For original arcs referenced from Rhino or generated by GH everything works fine. As a workaround you should figure out a different routine to create your various lengths of arcs...
Also my curves are arches imported from autocad... do you think that can have something to do with it too?
The reason I split it with a dashed line is because I couldn't get shatter to work properly on those curves, I just never thought it could be the curves them selves.
That shouldn't matter. Once a curve is inside Rhino it will be represented as a Rhino curve. Giulio has found division accuracy problems before with big arcs before.
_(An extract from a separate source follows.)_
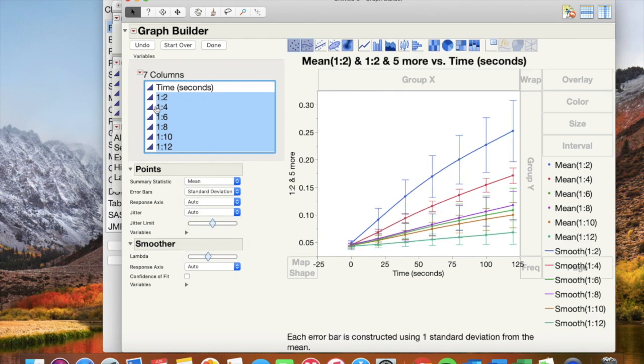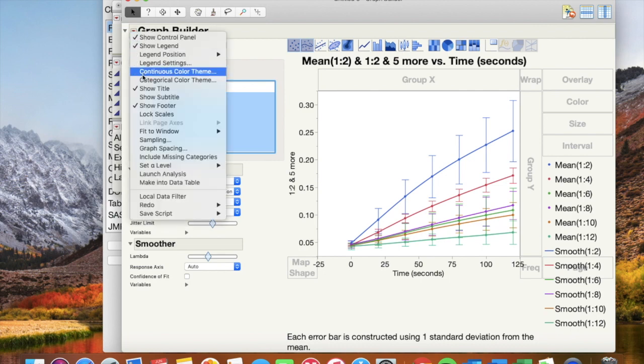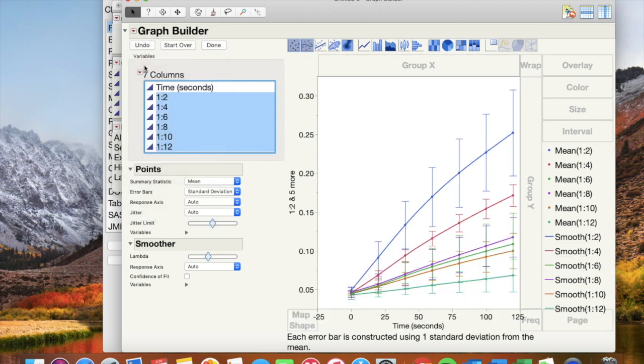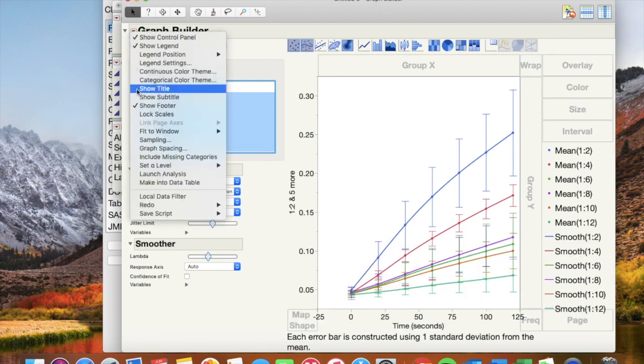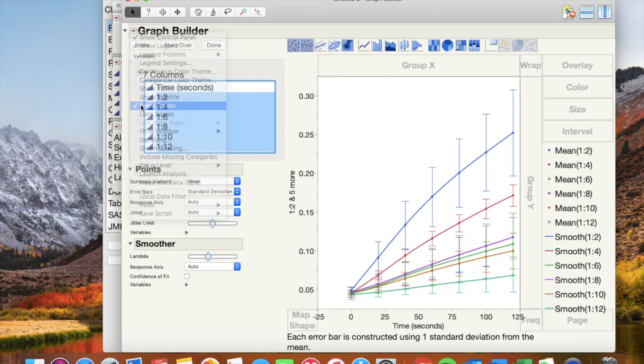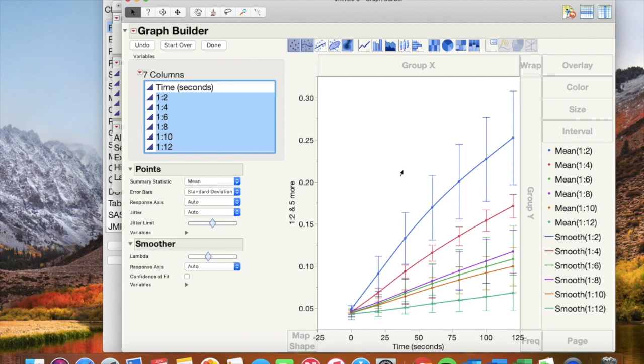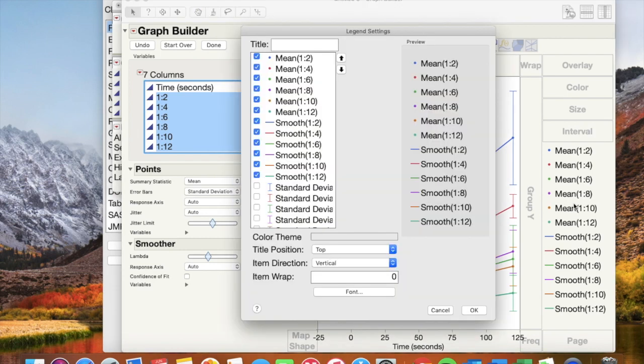On the drop down button next to graph builder, remove title and footer as shown. Click over the legend and modify it.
This is probably the same problem.
I also noticed that 0.7 fails to work on Dash patterns with zero-length segments. I'll at least get this fixed asap.
Ok so we can assume that this is fixed in 0.7 (at least on my internal build of 0.7). I'll hopefully release a new build sometime this week. If you can wait 2~3 days, I think it's probably not worth the effort to try and fix this on 0.6.X
It will never be totally accurate, that's simply not possible with finite digit numbers such as used in Computing. It should definitely be possible to get a lot closer than 1207.999309 though.
It seems the SDK function for dividing curves does not allow a tolerance override. It must be using some sort of hardcoded or adaptive tolerance. I need to talk to some developers in Seattle to see what -if anything- we can do about this short term.